ひらまつ・あきこ 1970年生まれ。愛知県出身。女性誌などのイラストで活躍。趣味は日本舞踊。著書に「不器用なシモキターゼ」、コミックエッセー「黒い夫婦」など。

平松昭子さんとゴロー。パグ(オス3歳)

夫そっくりな顔
不思議な気分に”

 自著「黒い夫婦」で破たんした自らの夫婦関係をユーモラスに描き、平和的別居を果たした平松昭子さん。
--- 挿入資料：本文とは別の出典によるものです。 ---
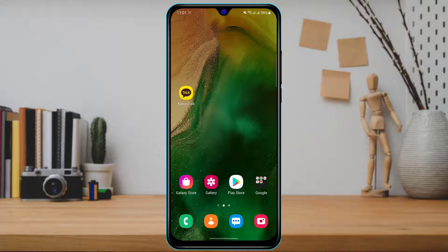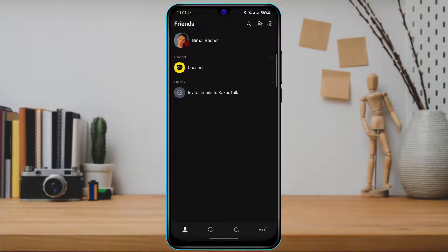Once you have downloaded the application, make sure that you are logged into your account. As you can see, I just created this KakaoTalk account and I'm already logged in. If you want to change your email, you must be logged in, because if you are not logged in you will not be able to change your email address.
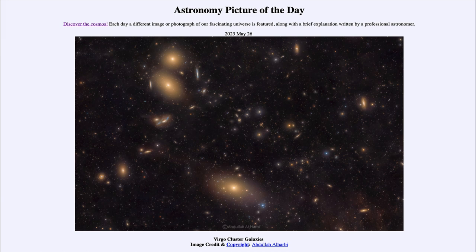Another prominent feature also part of the Virgo Cluster is what is known as Markarian's Chain, visible towards the left side of the image, with two elliptical galaxies towards the top and then almost a line of galaxies going down and slightly to the left. This is an example of a number of galaxies that just happen to line up from our point of view as we look at them in the sky.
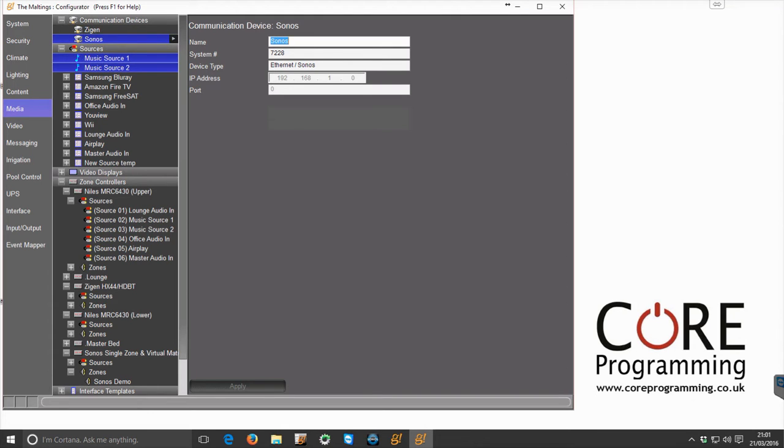So we've been asked at Core Programming to produce a few videos which detail the integration of our new Sonos driver. And we've also decided to make this video to give an overview of where this driver fits in the Elan ecosystem.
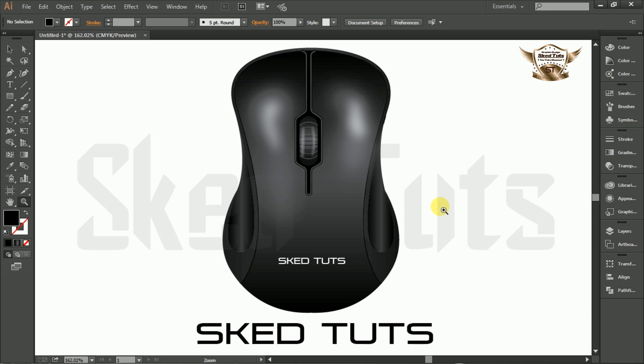Hello dear friends, welcome to Skedtuts video tutorial series. I am Sudapta. Today I am showing you how to create a realistic wireless mouse design in Adobe Illustrator. Let's start.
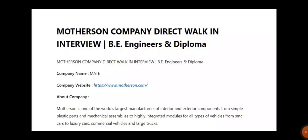The name of the company is Motherson. Now they are calling for a direct walk-in interview for BE Engineers and Diploma Holders. Company name is MAAT, that is Motherson. Company website link will be given in the description. I also provide all the information in the description. Gently read carefully and then act accordingly.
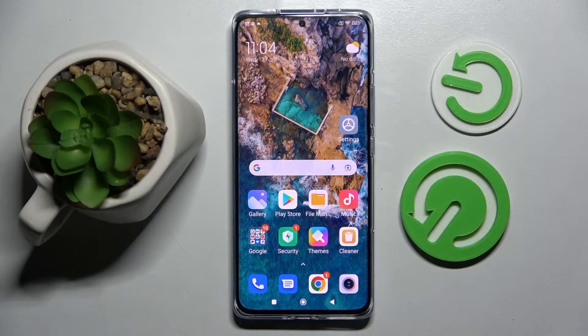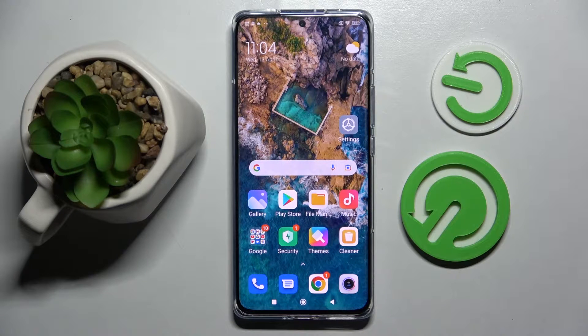Hi! In front of me is Xiaomi 12 Pro and today I would like to show you how you can change default apps on this smartphone.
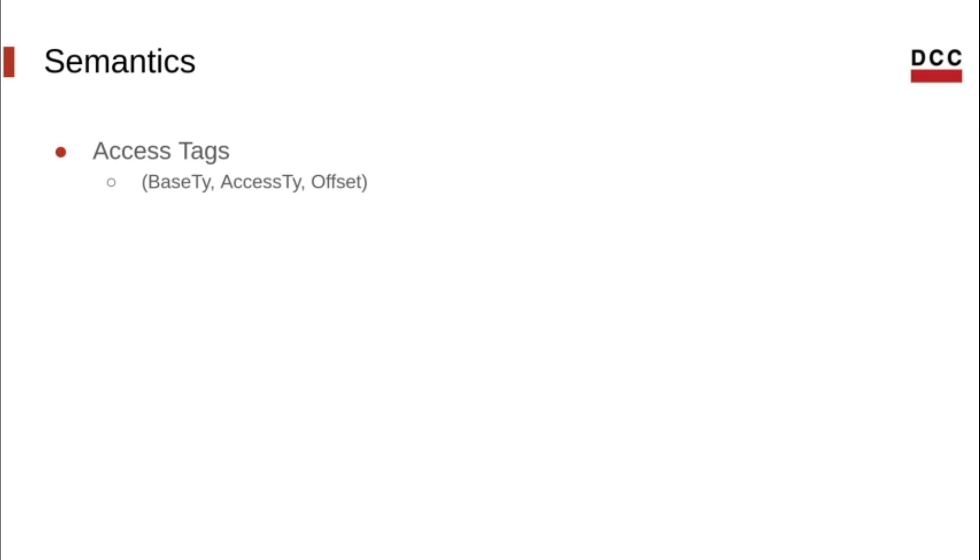It consists of a base type, an access type, and an offset. Access tags can describe two things.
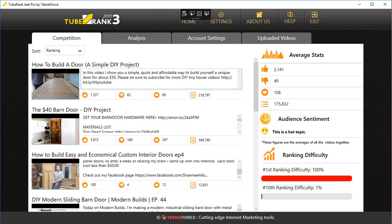So you can imagine that if you produce a video directly targeting this keyword and it was reasonably good quality, it would get ranked and it would find it easier to get ranked on the 10th spot. And that will still get you some traffic, especially if you're starting out. So this is what the competition tab does. All of this information is going to help you understand what your competition is doing.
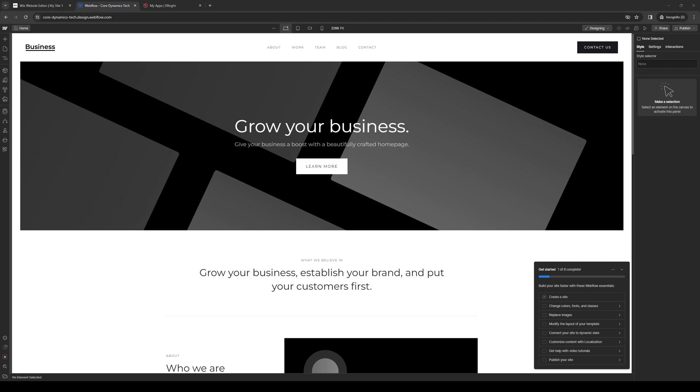Hey everyone and welcome back to the channel. So in today's video I'll be teaching us how to properly add a cookie consent banner on Webflow from scratch using the site builder.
ご主人は、息子と犬のゴローを平松さんに託し、家を出ていったという。

 「ゴローのことはてっきり夫が連れていくと思っていました。夫がどうしてもパグがいいと言って飼ったのだし、顔も夫とそっくりといわれ、かわいがっていましたから。でも、息子や私と一緒にいさせたほうがいいと思ったようです」と平松さん。

 イラストレーターとして活躍する平松さんだが、息子さんはまだ小学生。加えてゴローの世話となると大変だ。特にゴローはひとくせもふたくせもある犬なのだ。
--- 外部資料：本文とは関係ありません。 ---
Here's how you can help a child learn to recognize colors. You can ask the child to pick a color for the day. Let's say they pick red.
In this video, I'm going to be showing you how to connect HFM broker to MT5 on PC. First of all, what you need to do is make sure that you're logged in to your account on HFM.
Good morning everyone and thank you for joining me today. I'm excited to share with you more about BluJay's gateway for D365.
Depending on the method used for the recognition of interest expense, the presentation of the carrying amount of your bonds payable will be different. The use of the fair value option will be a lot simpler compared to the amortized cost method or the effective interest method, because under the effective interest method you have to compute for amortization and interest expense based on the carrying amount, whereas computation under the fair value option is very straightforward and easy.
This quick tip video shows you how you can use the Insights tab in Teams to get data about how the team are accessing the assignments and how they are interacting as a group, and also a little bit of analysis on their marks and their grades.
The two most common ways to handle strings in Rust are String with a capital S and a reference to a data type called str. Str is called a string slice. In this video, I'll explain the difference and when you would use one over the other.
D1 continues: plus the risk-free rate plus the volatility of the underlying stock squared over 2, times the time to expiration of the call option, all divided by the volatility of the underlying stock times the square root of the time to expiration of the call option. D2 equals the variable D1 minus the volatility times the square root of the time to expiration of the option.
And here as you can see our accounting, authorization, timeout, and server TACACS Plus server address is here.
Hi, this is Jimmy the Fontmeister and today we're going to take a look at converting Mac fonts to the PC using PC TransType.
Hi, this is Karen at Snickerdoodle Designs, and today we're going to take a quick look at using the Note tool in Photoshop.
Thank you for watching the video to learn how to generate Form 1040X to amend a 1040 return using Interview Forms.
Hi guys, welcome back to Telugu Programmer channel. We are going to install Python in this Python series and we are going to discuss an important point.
 「散歩に出るといつも、ダーッと100メートルくらい全力疾走。引っ張られてけんしょう炎になりました。自転車が来るたびに飛び掛かっていくし、犬のトレーナーさんに来ていただいて散歩の方法をおそわりました」

 ほかにも、来客に興奮する、家具や階段をガリガリとかじる、引き戸に体当たりして脱走をはかるなど、問題行動がいっぱい。

 「子犬のときは、息子が生まれたときと同じように、見ているだけで楽しかったんです。でも、うちは夫がルールを守ってくれなかったので、犬のしつけはうまくいきませんでした。去勢手術するときも夫は猛反対。でも、手術してだいぶ性格が穏やかになったんです。ゴローにとって夫はいつまでも遊び相手。ボスは私なんですね」

 平松さんがゴローのことで悩んだとき、頼りになるのは愛知県の実家に住む母だ。

 「私が忙しくなると、新幹線で助けに来てくれます。1日5回もゴローの散歩をしてくれるほどの犬好き。母にゴローを引き取ってもらおうかと何度も考えましたが、思いとどまりました。実家には昔から、飼えなくなったといって持ち込まれた犬や猫がいたんです。それと同じことをするのはやめようと」

 疲れていても、ゴローの愛きょうある顔を見ると、気持ちが明るくなる。親子ゲンカをして息子さんが泣きべそをかいたときも、ゴローが顔をなめてくれる。最近は、息子さんも毎朝ゴローの散歩をし、シャンプーの手伝いもしてくれるようになった。

 「最近ゴローの顔を見ていると、ほんとに夫とよく似ていて、不思議な気分になるんです。夫が神様に罰を受けて、犬にされてしまったような」といたずらっぽく笑う平松さん。ご主人の面影を残すゴローは、まぎれもなく家族の一員といえそうだ。